Intel plans
to trim more than 5,000 jobs from its workforce this year in an effort
to boost its earnings amid waning demand for its personal computer
chips.
The
Santa Clara-based company confirmed the job cuts Friday, the day after
Intel Corp reported its profit and revenue had fallen for the second
consecutive year.
The
purge represents about 5 per cent of the roughly 108,000 jobs that
Intel had on its payroll at the end of December. The company intends to
jettison the jobs without laying off workers, said Intel spokesman Bill
Calder. The reductions instead will be achieved through attrition,
buyouts and early retirement offers.
The
company didn't estimate how much money it hopes to save by eliminating
jobs. But Intel needs pare its expenses if it hopes to end a two-year
slump that has seen its earnings fall from $12.9 billion in 2011 to $9.6
billion in 2013. Intel is forecasting its revenue this year will be
about the same as in 2013, making it unlikely its profits can rise
without cost cuts.
This
marks Intel's first significant job cuts since a company insider, Bryan
Krzanich, succeeded Paul Otellini as CEO eight months ago.

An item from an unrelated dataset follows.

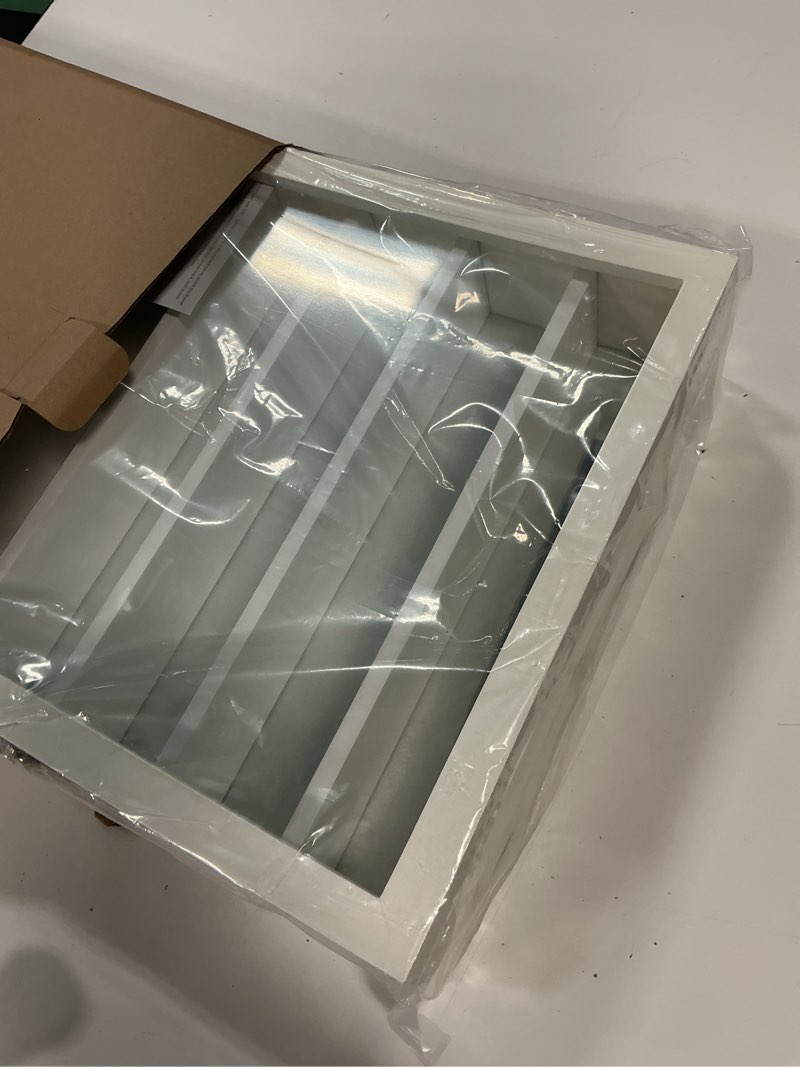 Condition photo showing New/Like New for TJ.MOREE Sunglasses Organizer Storage Wall Mounted: 13 x 15.6 inches Eyewear Display Case Rustic Wood Eyeglasses Holder Large Glasses Storage Box,White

``We are constantly evaluating and realigning our resources to meet the needs of our business,'' Calder said.
Intel's
financial performance is faltering because the company didn't adapt
quickly enough as the growing popularity of smartphones and tablet
computers undercut sales of PCs running on its chips. Worldwide PC sales
have dropped from the previous year in seven consecutive quarters, an
unprecedented decline.
The trend is a problem for Intel because most mobile devices don't rely on its processors.
As
Intel has struggled to come up with a successful strategy for mobile
computing, the company has turned into a stock market laggard.
Since Intel's stock hit a five-year high of $29.27 in May 2012, the shares have fallen by 12 per cent. Meanwhile, the Standard & Poor's 500 index has climbed by 31 per cent.
Intel's stock dropped 69 cents Friday to close at $25.85, then dipped another 4 cents in extended trading.